The sky-averaged brightness temperature of the 21cm line from neutral hydrogen provides a sensitive probe of the thermal state of the intergalactic medium, particularly before and during Cosmic Dawn and the Epoch of Reionisation. This `global signal' is faint, on the order of tens to hundreds of millikelvin, and spectrally relatively smooth, making it exceedingly difficult to disentangle from foreground radio emission and instrumental artefacts. In this paper, we introduce RHINO, an experiment based around a large horn antenna operating from 60-85 MHz. Horn antennas are highly characterisable and provide excellent shielding from their immediate environment, which are potentially decisive advantages when it comes to the beam measurement and modelling problems that are particularly challenging for this kind of experiment. The system also includes a novel continuous wave calibration source to control correlated gain fluctuations, allowing continuous monitoring of the overall gain level without needing to rapidly switch between the sky and a calibration source. Here, we describe the basic RHINO concept, including the antenna design, EM simulations, and receiver electronics. We use a basic simulation and analysis pipeline to study the impact of the limited bandwidth on recovery of physical 21cm global signal model parameters, and discuss a basic calibration scheme that incorporates the continuous wave signal. Finally, we report on the current state of a scaled-down prototype system under construction at Jodrell Bank Observatory.
Paper Structure (26 sections, 21 equations, 17 figures, 1 table)

This paper contains 26 sections, 21 equations, 17 figures, 1 table.

Figures (17)

  • Figure 1: (Left): Dimensions of the pyramidal horn that was selected as the reference design. The flare section has an aperture of $7.3 \times 6.0$m, an edge slant length of 5.099m, and an overall vertical height of 4.3m. The rectangular waveguide section has an aperture of $3.54 \times 2.00$m and a height of 2.997m. The horn will be static, pointing at zenith, and will have a welded mesh conductive surface. The location of the feed is marked on the waveguide. (Right): Detailed design drawing showing the multi-panel construction, consisting of $2.4 \times 1.2$ m mesh panels cut to size/shape and welded into steel angle frames.
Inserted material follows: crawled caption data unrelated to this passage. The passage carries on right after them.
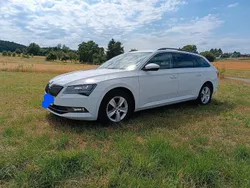 Weiß Gebraucht 2018 Skoda Superb Style Kombi | 19.000 € (Guter Preis)
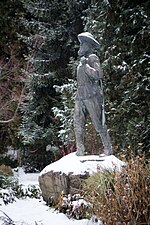 Thumbnail for File:Snow Day (University of Oregon) 15.jpg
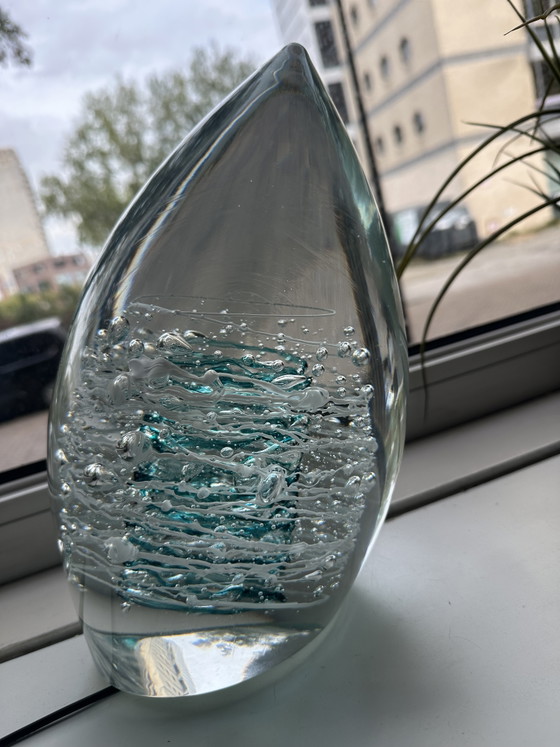 Mondgeblazen Kristallen Druppelsculptuur Met Turquoise Werveling En Luchtbellen – 17 Kg – Glaskunst, Crystal (photo 3 of 5)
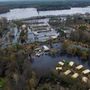 Alsó-Szászország, Hodenhagen: Drónfotó a Serengeti Parkról, amit részben elöntött a víz. Az árvíz miatt evakuálták az állatokat a parkból.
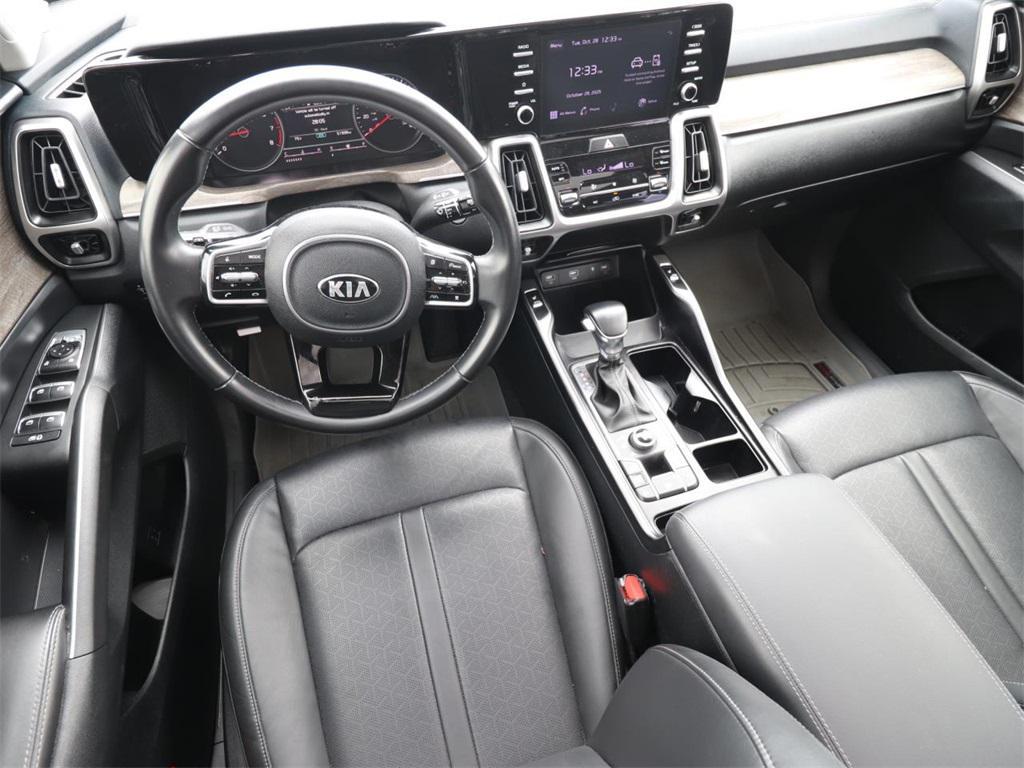 used 2021 Kia Sorento car, priced at $22,517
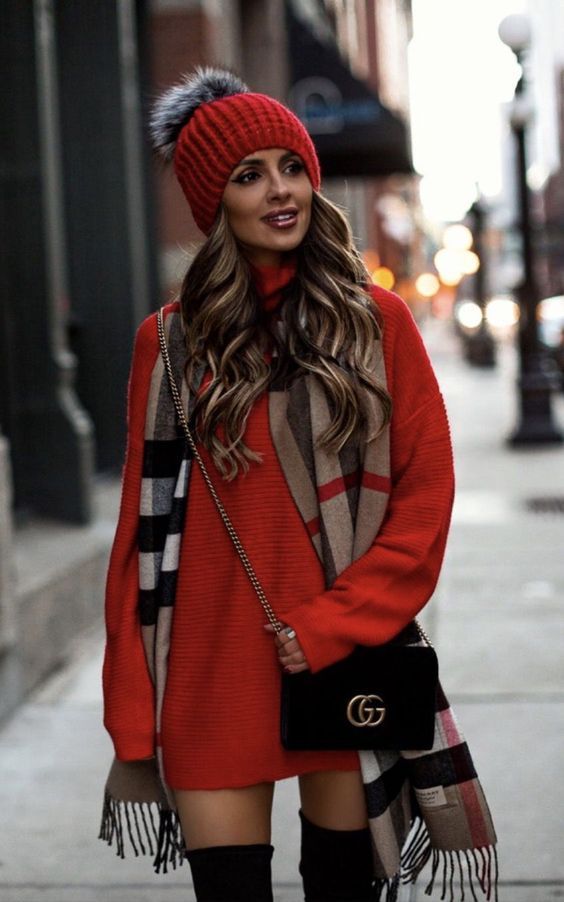 Tenues casual chic avec robe rouge, bonnet rouge et écharpe Burberry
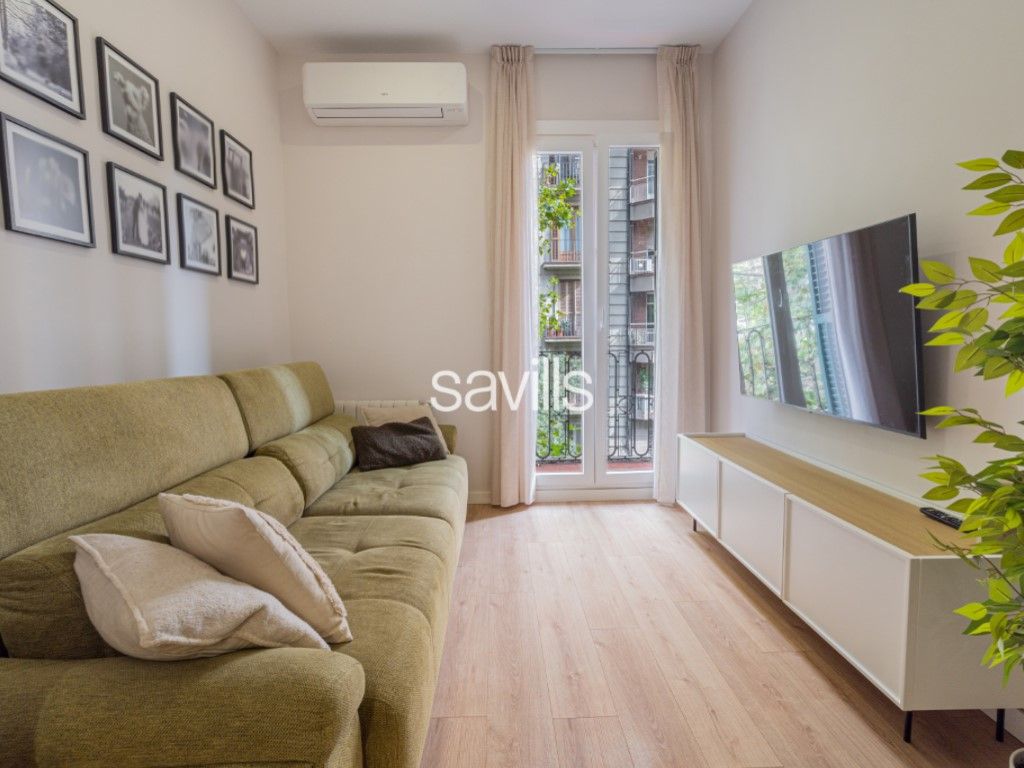 Living room of Apartment for sale in  Barcelona Capital  with Balcony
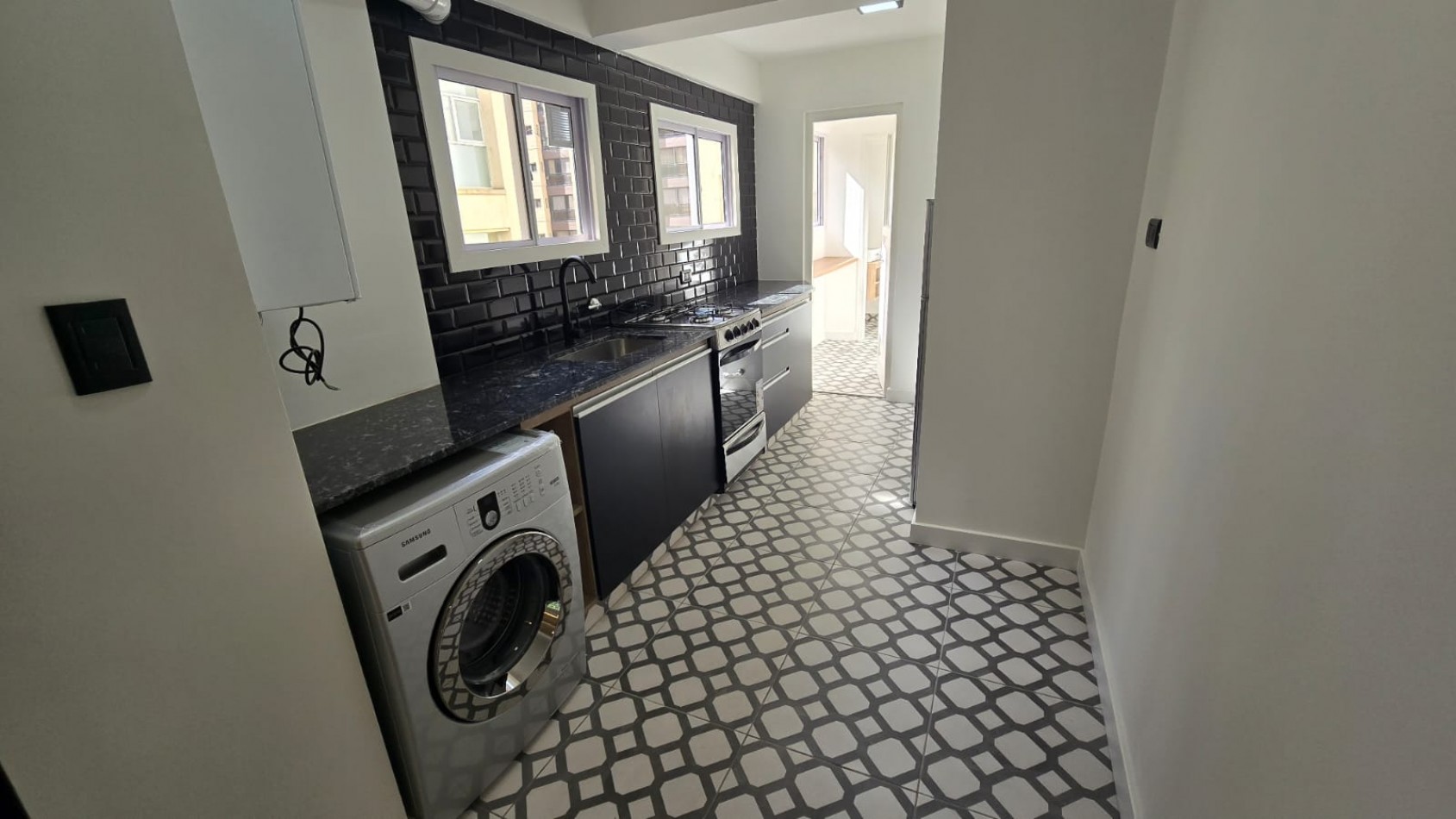 VENTA 3 AMBIENTES RECICLADO CON BALCON - LA PERLA -
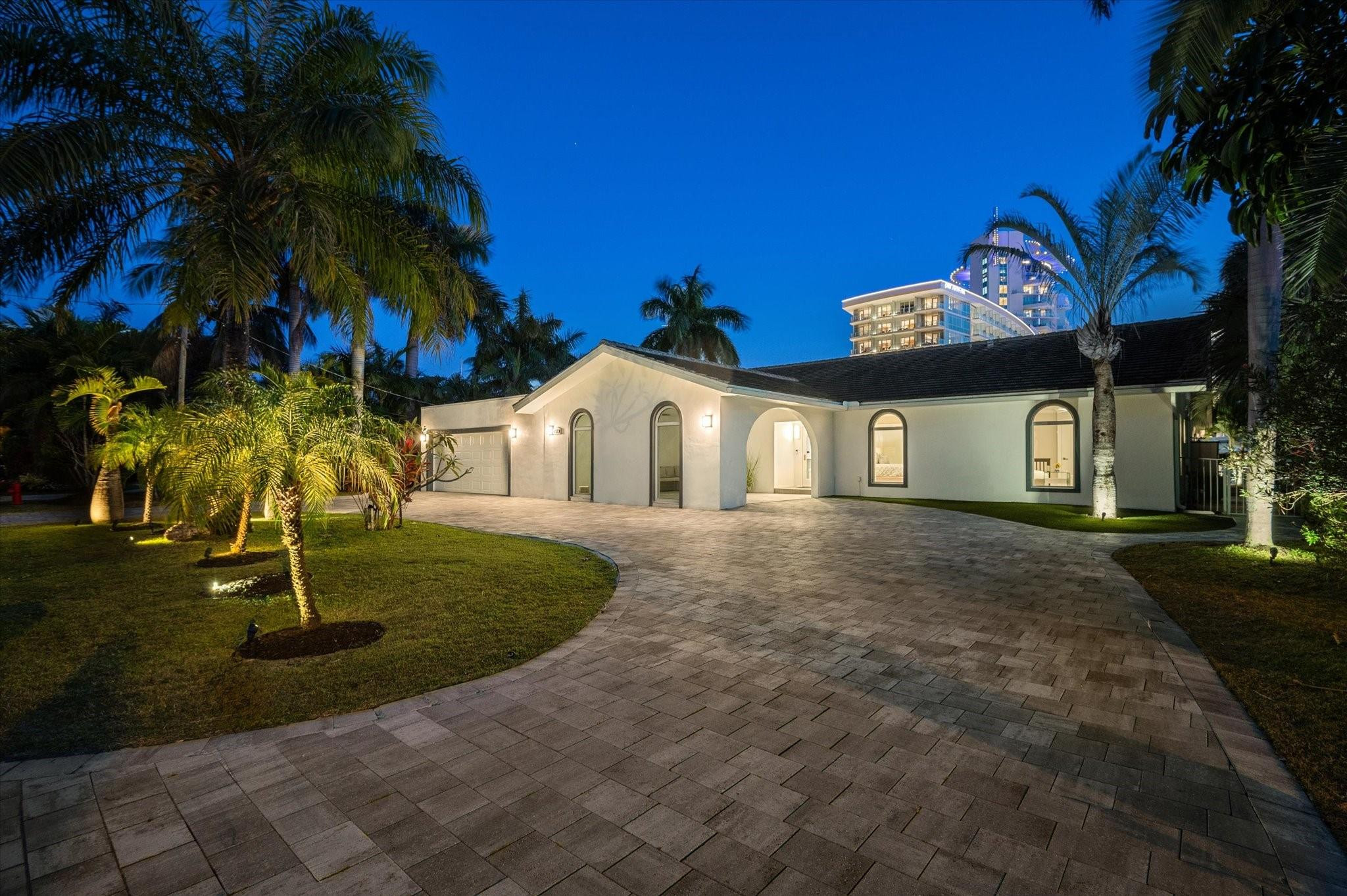 2540 Mercedes Fort Lauderdale, FL 33316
These are then bolted together to form a self-supporting structure.
  • Figure 2: Slices through the normalised antenna pattern, as a function of frequency. The horizontal lines show: (dotted) the $-3$ dB (half-maximum) point; (dashed) the target sidelobe level; and (dot-dash) the target backlobe level. The shaded vertical regions show the target beam FWHM at the bottom and top of the design band.
  • Figure 3: Normalised antenna patterns as a function of frequency, for angles above the horizon.
  • Figure 4: Unnormalised antenna pattern as a function of frequency and zenith angle, for different slices in azimuth ($\phi)$.
  • Figure 5: Return loss ($S_{11}$) of the antenna as a function of frequency. The design band is marked by vertical dashed lines, and the target return loss within this band is marked by a dotted line.